- Born: John Christopher Byrne 27 November 1935 Dublin, Ireland
- Died: 2 April 2008 (aged 72) Norwich, Norfolk, England
- Resting place: Heydon, Norfolk
- Occupations: Television writer; screenwriter; script editor; writer; poet;
- Spouse: Sandy Carrington-Mails ​ ​(m. 1975)​
- Children: 3
- Writing career
- Language: English
- Period: 1960s–2005
- Genres: Science fiction, drama
- Notable works: Created Heartbeat and Noah's Ark Wrote for Space: 1999, All Creatures Great and Small, Tales of the Unexpected and Doctor Who.

= Johnny Byrne (writer) =

Irish screenwriter, script editor, and poet

John Christopher Byrne (27 November 1935 – 2 April 2008) was an Irish television screenwriter and script editor.

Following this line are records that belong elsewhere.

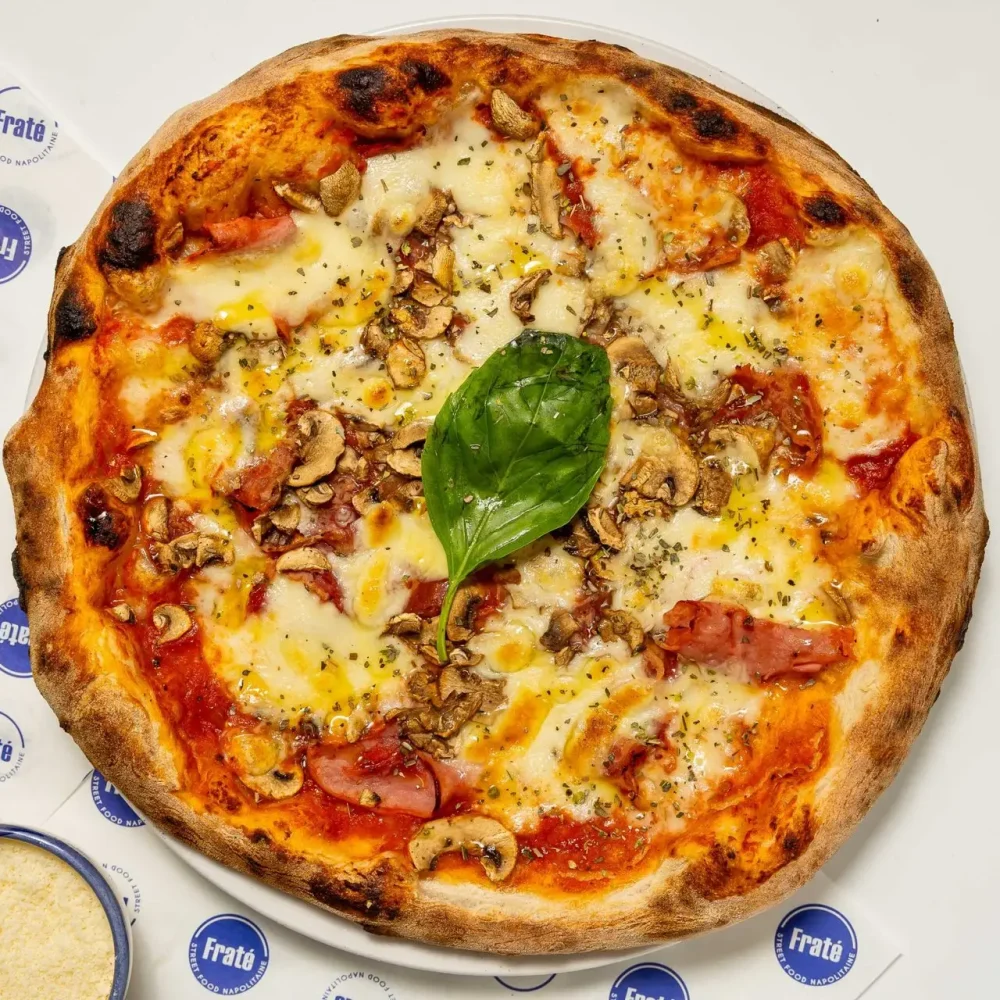Pizza-Regina-scaled.jpg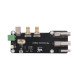 Raspberry Pi Connector Adapter expansion board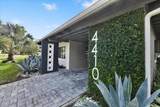 4410 Brandeis Avenue - Photo 3
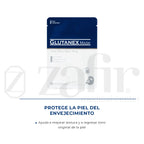Glutanex MASK 15 pzs Mascarilla Aclarante y Antioxidante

He travelled extensively in his youth as a travelling poet. During the 1960s he worked as a literary editor, and wrote short stories that were published in Science Fantasy magazine.

Byrne's other works include the novel Groupie (1969, co-written with Jenny Fabian), the BBC "Wednesday Play" Season of the Witch (1971), and the scripts for the films Adolf Hitler: My Part in His Downfall (1972, co-written with original author Spike Milligan and Norman Cohen), and Rosie Is My Relative (1976). He was script editor of the TV series All Creatures Great and Small (1976, 1978, 1985, 1988-1990), writing 29 episodes, and also produced scripts for One by One (1987). Byrne was the creator of the TV drama series Heartbeat (which was loosely based on the Constable books by Nicholas Rhea), writing 23 episodes for 17 series between 1992 and 2005. He also created and wrote for Noah's Ark (1997-98).

==Space: 1999==
Byrne was the most prolific scriptwriter for the first series of Space: 1999 (1973-75), and was initially assigned the role of creative consultant for the second season (1976-77). However, hoping to make a greater impact on the American market, the producers desired a consultant from the United States, and the job was subsequently given to Fred Freiberger.

Byrne's scripts for series one of Space: 1999 were "Matter of Life and Death" (based on a draft by Art Wallace), "Another Time, Another Place", "Force of Life", "Voyager's Return" (based on an idea by Joe Gannon), "End of Eternity", "The Troubled Spirit", "Mission of the Darians", and "The Testament of Arkadia". For series two, he wrote "The Metamorph", "The Immunity Syndrome", and "The Dorcons".

==Doctor Who==
Byrne is also known for his contributions to the British science-fiction TV series Doctor Who. The first of his three scripted and screened stories was The Keeper of Traken (1981), which resurrected the Master and served as the first instalment in a trilogy of stories (continuing with Logopolis and Castrovalva) involving the character. For the same story, Byrne created the character of Nyssa, who the production chose to retain as a companion.

Byrne's second story, Arc of Infinity (1983), featured the Time Lord villain Omega, who had first appeared in The Three Doctors a decade earlier. His final screened story was Warriors of the Deep (1984), which saw the return of monsters the Silurians and the Sea Devils.

In 1991, Byrne wrote the final draft script for an unmade Doctor Who movie called Doctor Who: Last of the Time Lords.

==Personal life==
Byrne left Ireland for the United Kingdom in 1956. For a time, he worked as a teacher of English as a foreign language in various cities in Europe. In 1975 he married Sandy Carrington-Mail, with whom he had three sons.

==Death==
Byrne died in 2008, aged 72. He last resided, and is buried in, Heydon, Norfolk.